--- MATERIAL SUPPLIED Enclosed Below ---

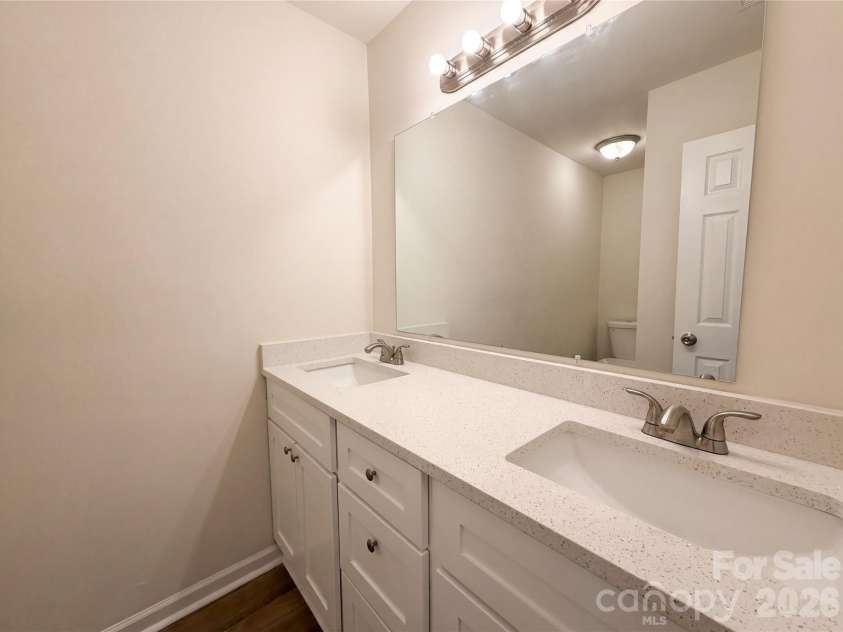 4700 Misty Hill Lane, Gastonia, NC 28056.  MLS# CAR4239522, YatesRealty ID 21897. 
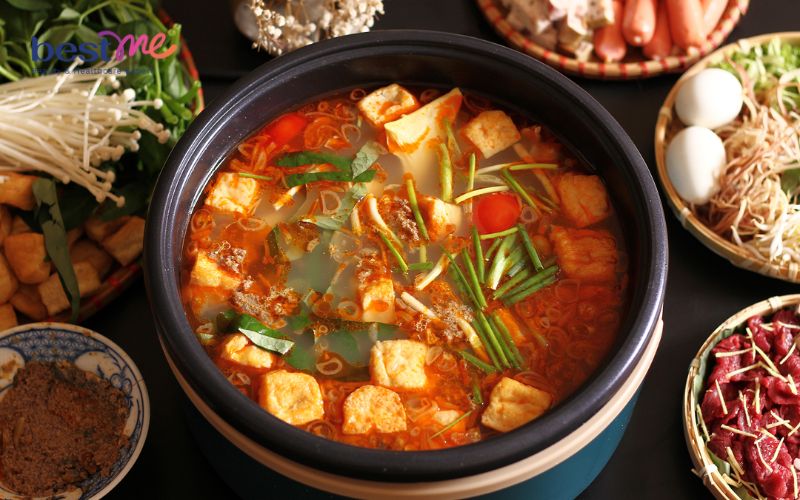 huong-dan-cach-lam-lau-rieu-cua-bap-bo-thom-ngon-cho-ngay-thu-se-lanh-7 Hướng dẫn cách làm lẩu riêu cua bắp bò thơm ngon cho ngày thu se lạnh - 7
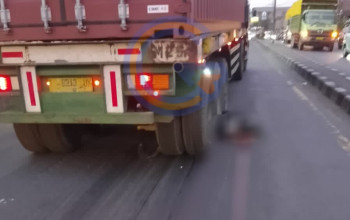 Laka Maut Di Taman Sidoarjo, Pemotor Terlempar Ke Jalur Lawan Dan Tertabrak Trailer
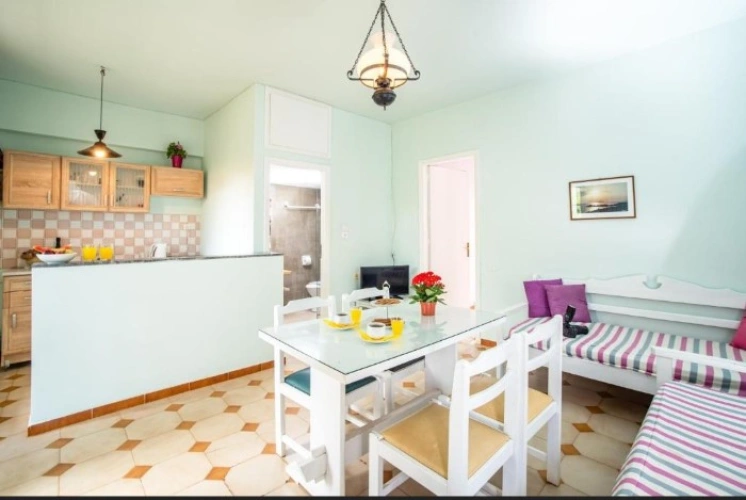 1 Bedroom Triple Apartment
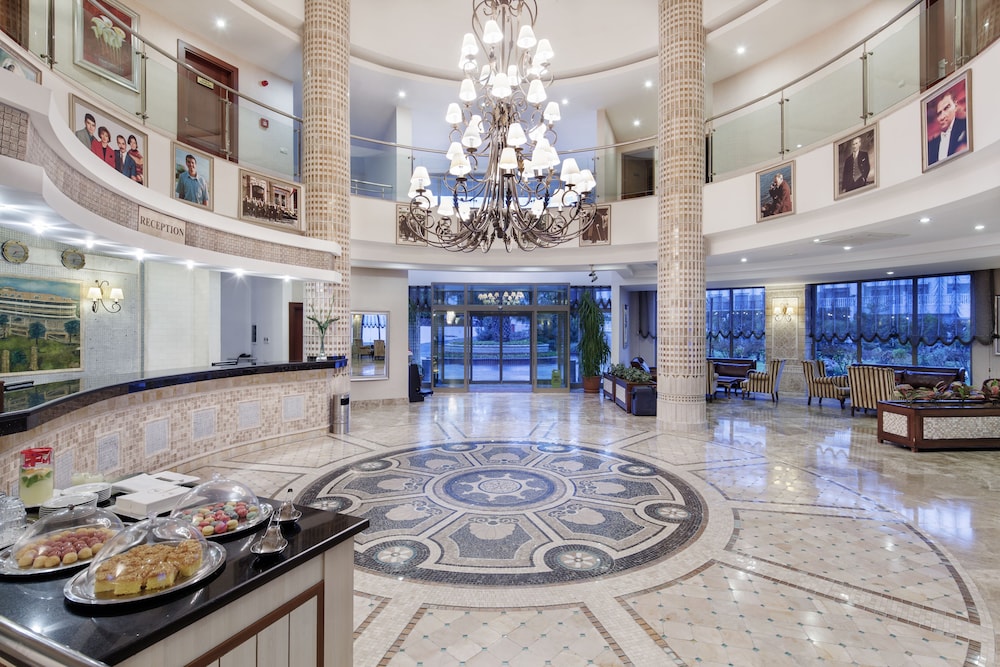 Alba Royal Hotel - Ultra All Inclusive - Adults Only 16+ — Hotel building in Side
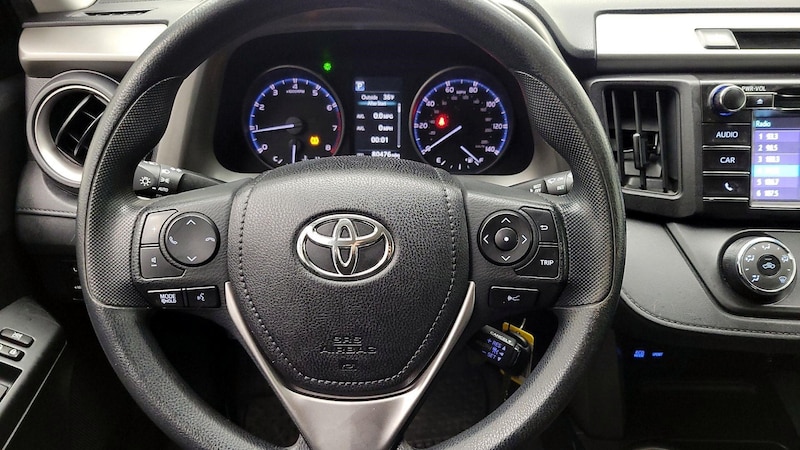 2017 Toyota RAV4 LE 10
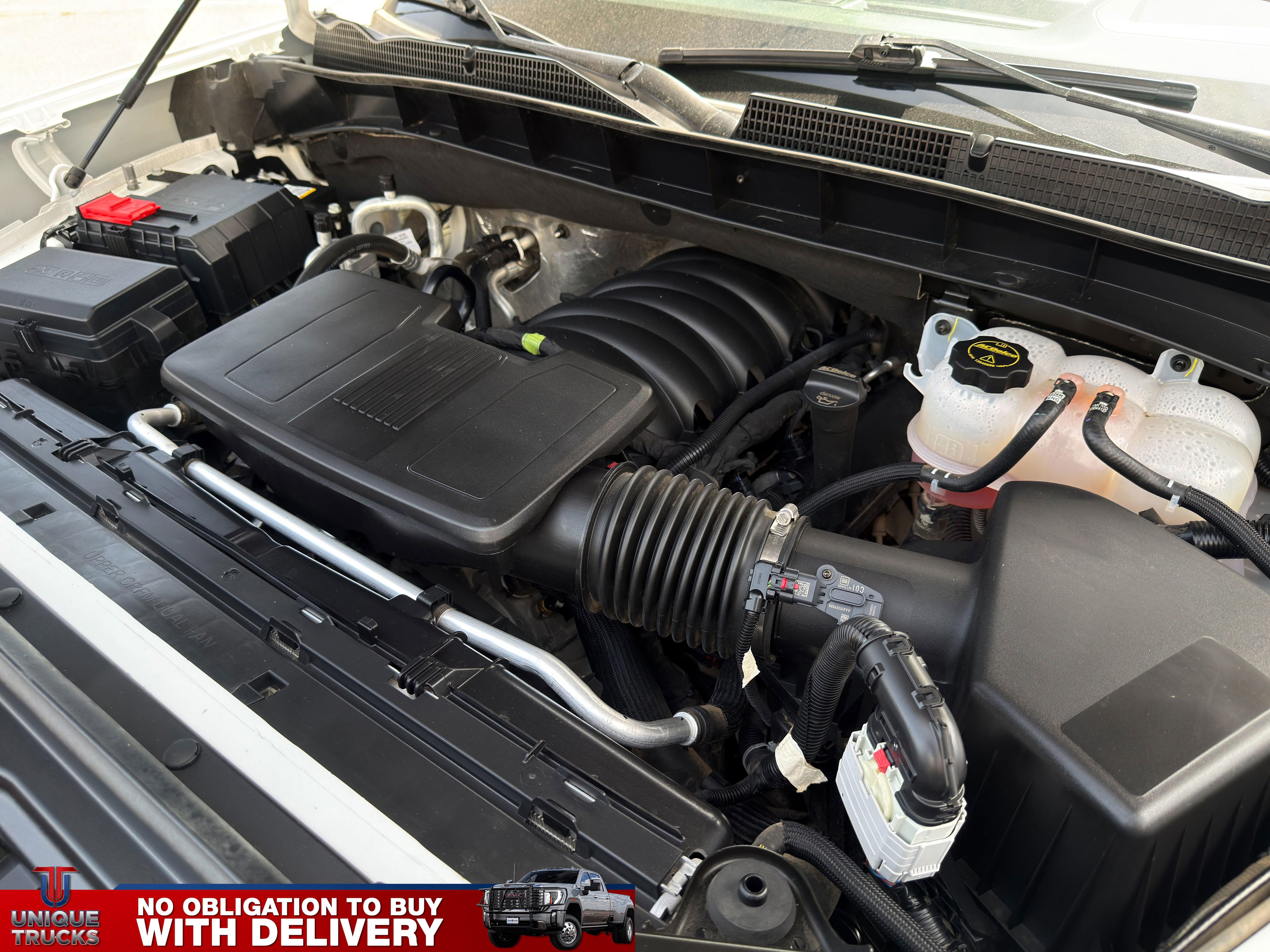 Used 2025 GMC Sierra 1500 AT4 w/ Technology Package AWD/4WD image 15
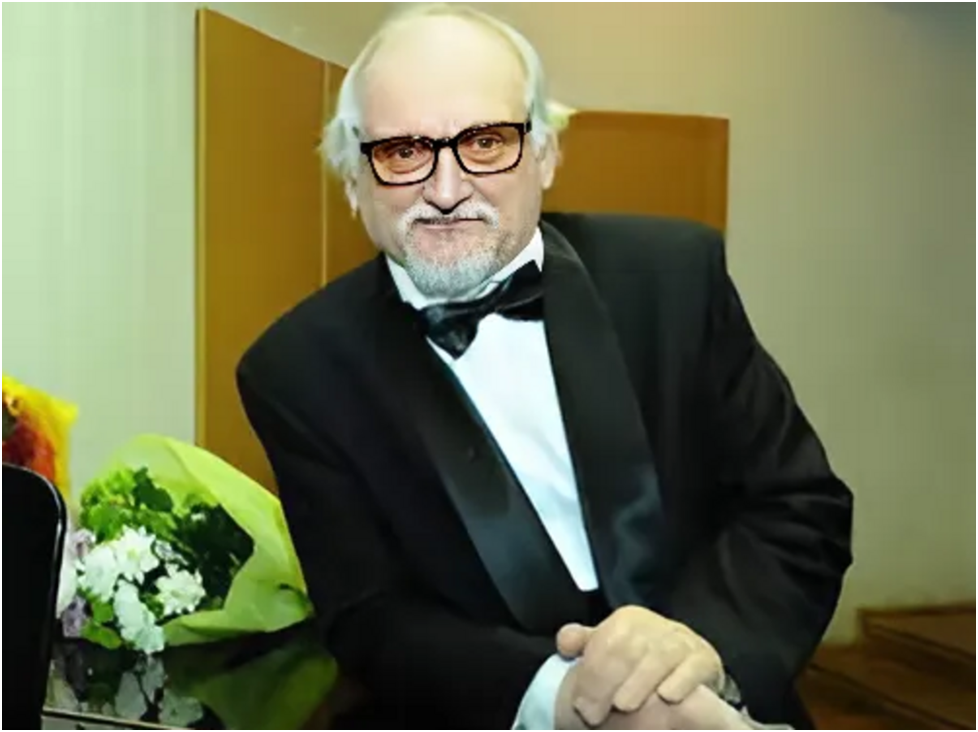 Геннадий Гладков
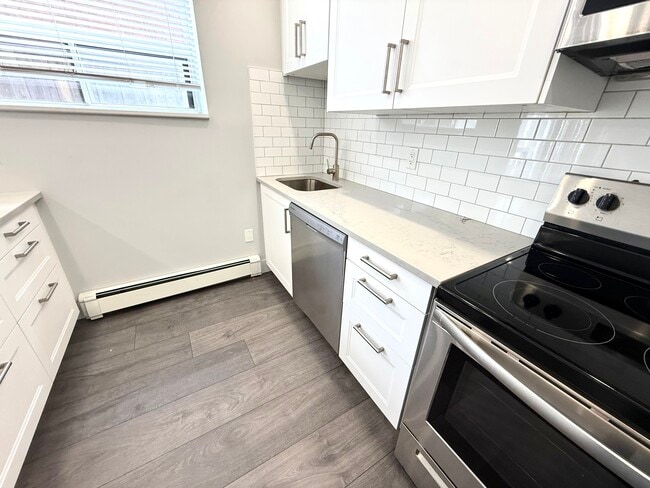 Building Photo - 449 Concession St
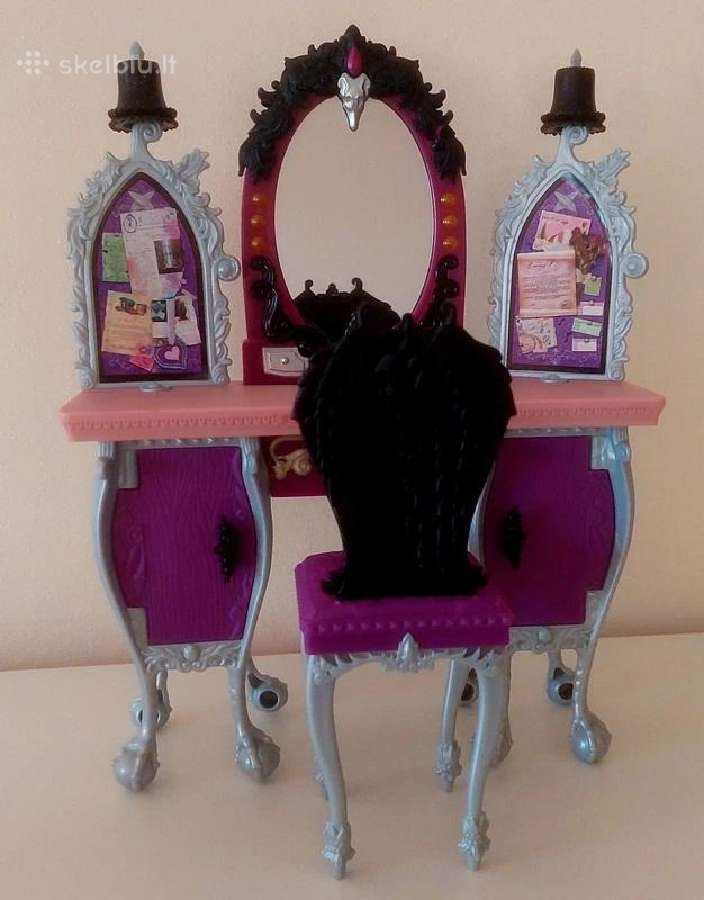 Monster High mašina, baldai, lėlės - nuotraukos Nr. 3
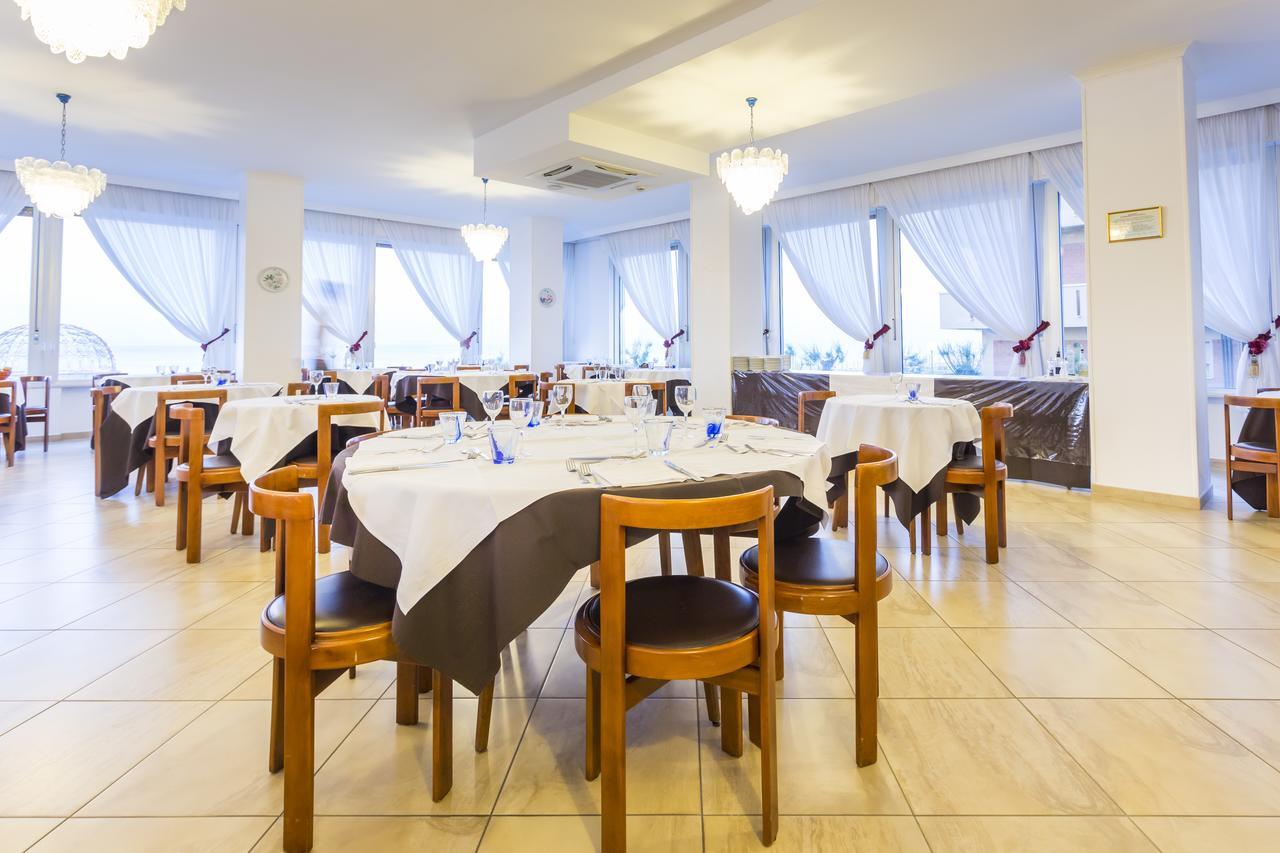 Hotel Casadei Fano Luaran gambar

--- End of Enclosed MATERIAL SUPPLIED ---

WORK REQUEST: From the material above, print everything exactly except the pictures.

RESULT OF THIS EXERCISE:
 4700 Misty Hill Lane, Gastonia, NC 28056.  MLS# CAR4239522, YatesRealty ID 21897. 
 huong-dan-cach-lam-lau-rieu-cua-bap-bo-thom-ngon-cho-ngay-thu-se-lanh-7 Hướng dẫn cách làm lẩu riêu cua bắp bò thơm ngon cho ngày thu se lạnh - 7
 Laka Maut Di Taman Sidoarjo, Pemotor Terlempar Ke Jalur Lawan Dan Tertabrak Trailer
 1 Bedroom Triple Apartment
 Alba Royal Hotel - Ultra All Inclusive - Adults Only 16+ — Hotel building in Side
 2017 Toyota RAV4 LE 10
 Used 2025 GMC Sierra 1500 AT4 w/ Technology Package AWD/4WD image 15
 Геннадий Гладков
 Building Photo - 449 Concession St
 Monster High mašina, baldai, lėlės - nuotraukos Nr. 3
 Hotel Casadei Fano Luaran gambar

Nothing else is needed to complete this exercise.